1. Laboratory of Water and Environment, Faculty of Nature and Life Sciences, Hassiba Benbouali University of Chlef, Chlef 02180, Algeria

2. Georessources, Environment and Natural Risks Laboratory, University of Oran, Oran 31000, Algeria

3. Housing and Building National Research Centre, Construction and Project Management Research Institute, Giza 12311, Egypt

4. Research Institute of Engineering and Technology, Hanyang University, Ansan 15588, Republic of Korea

5. Department of Irrigation and Drainage Engineering, G.B. Pant, University of Agriculture and Technology, Pantnagar 263145, India

6. Institute of Applied Technology, Thu Dau Mot University, Thu Dau Mot City 75000, Vietnam

7. Laboratory of Environmental Sciences and Climate Change, Institute for Computational Science and Artificial Intelligence, Van Lang University, Ho Chi Minh City 700000, Vietnam

8. Faculty of Environment, School of Technology, Van Lang University, Ho Chi Minh City 700000, Vietnam

9. Department of Building and Real Estate, Faculty of Construction and Environment, The Hong Kong Polytechnic University, ZN716 Block Z Phase 8 Hung Hom, Kowloon 999077, Hong Kong

10. Structural Engineering Department, Faculty of Engineering, Cairo University, Giza 12613, Egypt

11. Agricultural Engineering Department, Faculty of Agriculture, Mansoura University, Mansoura 35516, Egypt

Abstract

Water resources, land and soil degradation, desertification, agricultural productivity, and food security are all adversely influenced by drought.
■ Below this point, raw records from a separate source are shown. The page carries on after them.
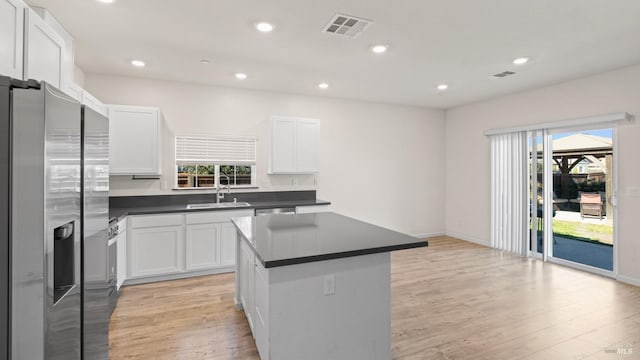 kitchen featuring light wood-style flooring, stainless steel appliances, a sink, visible vents, and dark countertops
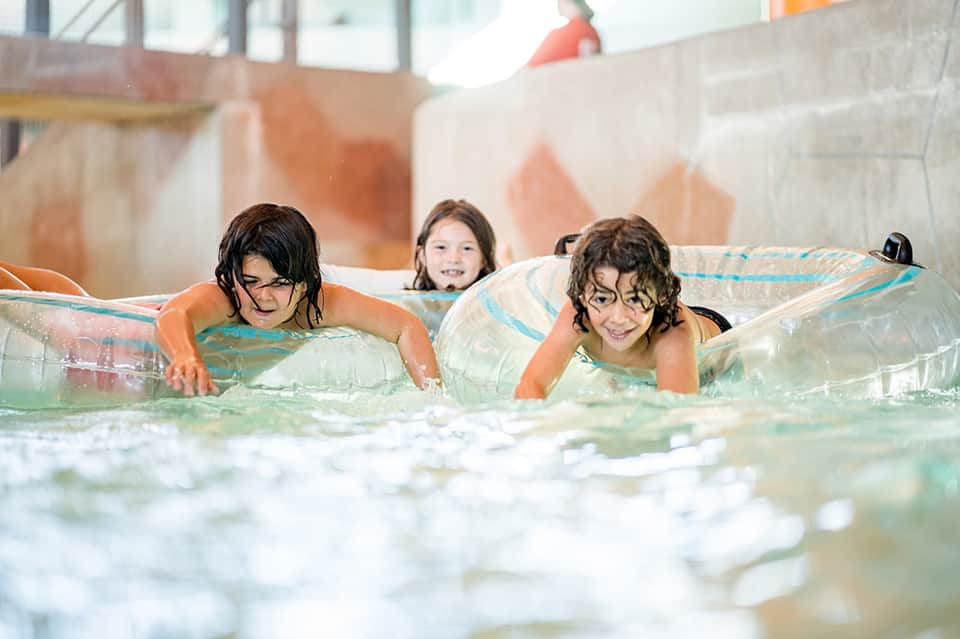 Children enjoying water slides and inflatable toys in indoor resort pool facility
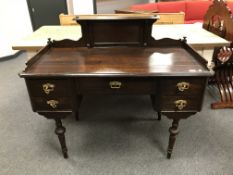 A continental oak desk on turned legs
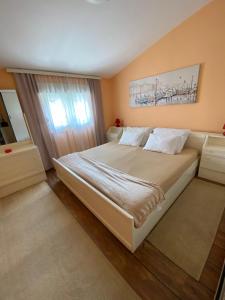 a bedroom with a large bed and a window at Village house Iva in Virpazar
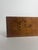This carpenter’s display piece, crafted from a block of wood with a veneer features two inlaid designs demonstrating...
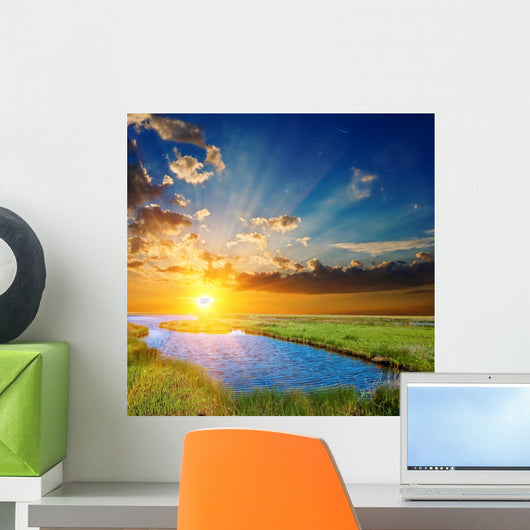 sunset over an green steppe and blue lake Wall Mural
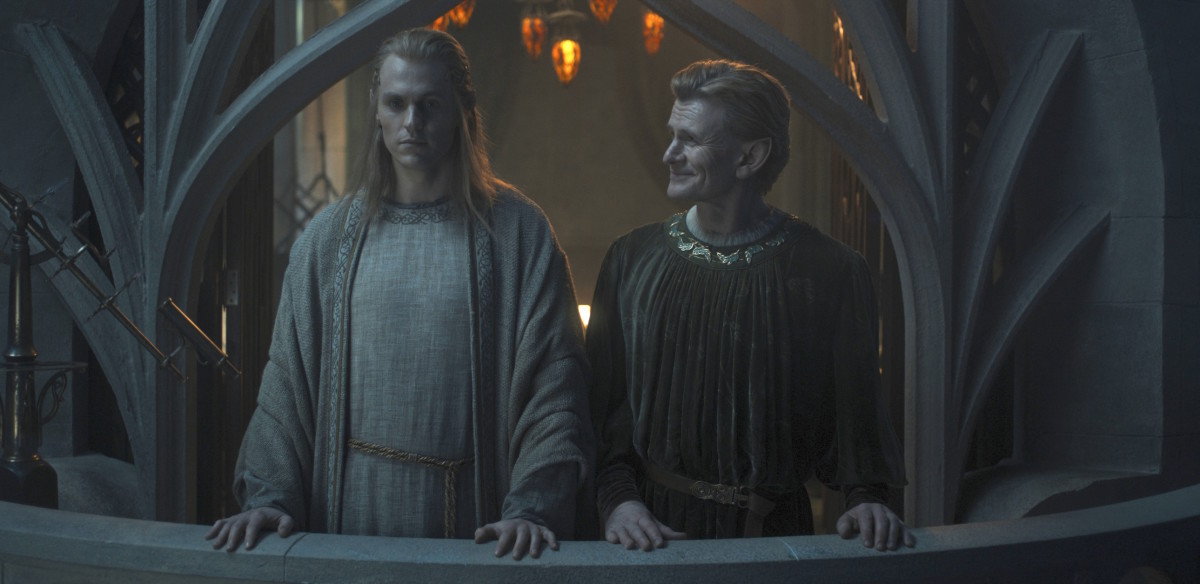 Charlie Vickers and Charles Edwards as Sauron and Celebrimbor in Rings of Power Season 2, standing together on a balcony. Celebrimbor looks at Sauron happily, while Sauron refuses to look at him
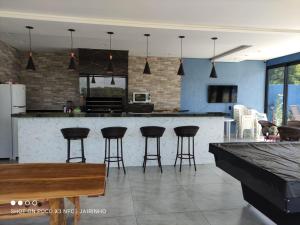 Η κουζίνα ή μικρή κουζίνα στο ResidencialCollins casa 788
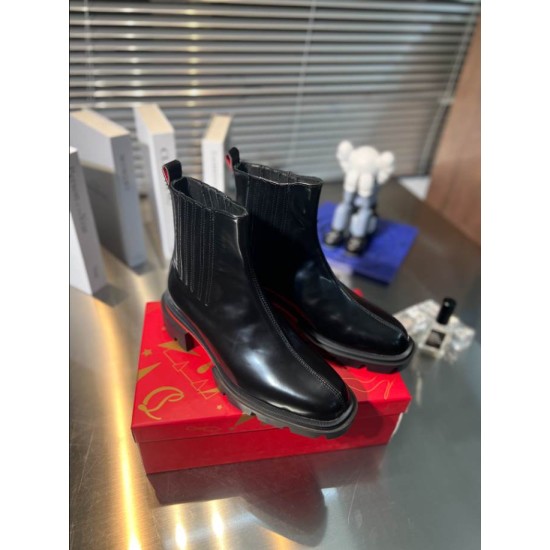 Christian Louboutin Men's Black Leather Chelsea Boots Pair Display Pair of Christian Louboutin Men's Black Leather Lug Sole Chelsea Boots presented on a red box.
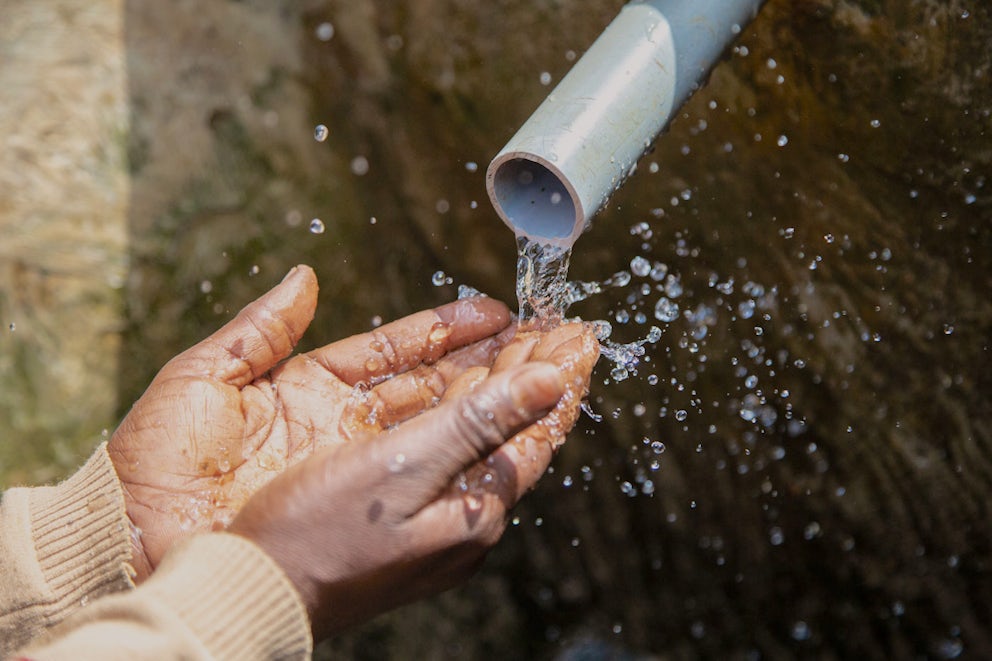 Water splashes over a pair of hands.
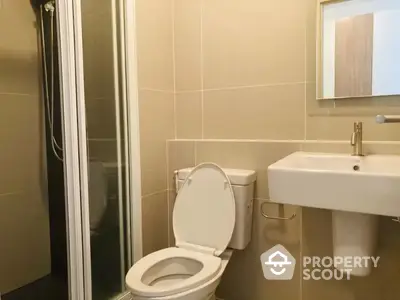 Compact modern bathroom with beige tiles, featuring a wall-mounted sink, toilet, and shower with glass door, ideal for urban living.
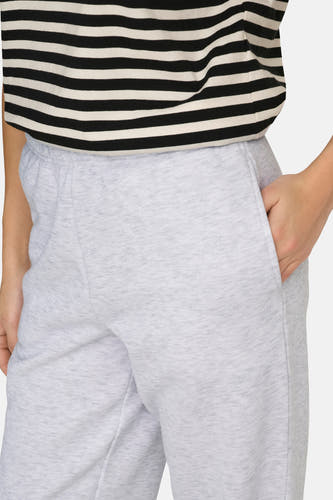 Pantalon de jogging gris d'ONLY, avec une main dans la poche et un t-shirt rayé.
The prediction of meteorological droughts using the standardized precipitation index (SPI) is crucial for water resource management. The modeling results for SPI at 3, 6, 9, and 12 months are based on five types of machine learning: support vector machine (SVM), additive regression, bagging, random subspace, and random forest. After training, testing, and cross-validation at five folds on sub-basin 1, the results concluded that SVM is the most effective model for predicting SPI for different months (3, 6, 9, and 12). Then, SVM, as the best model, was applied on sub-basin 2 for predicting SPI at different timescales and it achieved satisfactory outcomes. Its performance was validated on sub-basin 2 and satisfactory results were achieved. The suggested model performed better than the other models for estimating drought at sub-basins during the testing phase. The suggested model could be used to predict meteorological drought on several timescales, choose remedial measures for research basin, and assist in the management of sustainable water resources.

Publisher

MDPI AG

Subject

Water Science and Technology,Aquatic Science,Geography, Planning and Development,Biochemistry

Reference35 articles.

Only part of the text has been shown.